Oligosaccharide Profiles of the Prostate Specific Antigen in Free and Complexed Forms from the Prostate Cancer Patient Serum and in Seminal Plasma: a Glycopeptide Approach

Glycobiology, Jan 2008

The oligosaccharide structures of prostate specific antigen (PSA) are expected to be useful in discriminating prostate cancer from benign conditions both accompanied by increased serum PSA levels. A large proportion of PSA forms a covalent complex with a glycoprotein, α1-antichymotrypsin, in human blood. In the present study, the glycan profiles of free and complexed forms of PSA from cancer patient serum and of seminal plasma PSA were compared by analyzing the glycopeptides obtained by lysylendopeptidase digestion of the electrophoretically separated PSA with mass spectrometry.
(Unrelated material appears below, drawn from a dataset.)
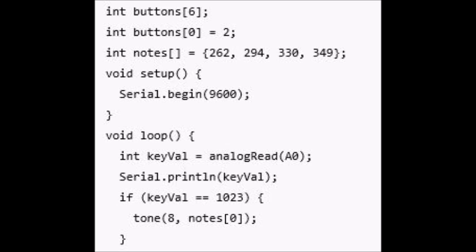Now let's have a look at the second part of this. Else if keyVal is less than or equal to 990 and keyVal is more than or equal to 1010, tone 8 notes 1. So it's going to play the next note.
The profiles of the PSA N-glycans from the free and complexed molecules were quite similar to each other and consisted of fucosylated biantennary oligosaccharides as the major class. They were mostly sialylated, and a considerable sialic acid fraction was α2,3-linked as determined by Streptococcus pneumoniae neuraminidase digestion of the glycopeptides. In the seminal plasma PSA, high-mannose and hybrid types of oligosaccharides were predominant, and the sialic acids attached to the latter as well as to biantennary oligosaccahrides were exclusively α2,6-linked because they were removed by Arthrobacter ureafaciens neuraminidase but resistant to S. pneumoniae neuraminidase. Complex-type oligosaccharides from other sources were found in the seminal plasma sample, indicating that analysis of released glycans carries a risk of being misleading. The results suggest that identification of α2,3-linked sialic acids on PSA potentially discriminates malignant from benign conditions, if the analysis is applied to oligosaccharides specifically attached to the N-glycosylation site of PSA in either a free or a complexed form in the serum.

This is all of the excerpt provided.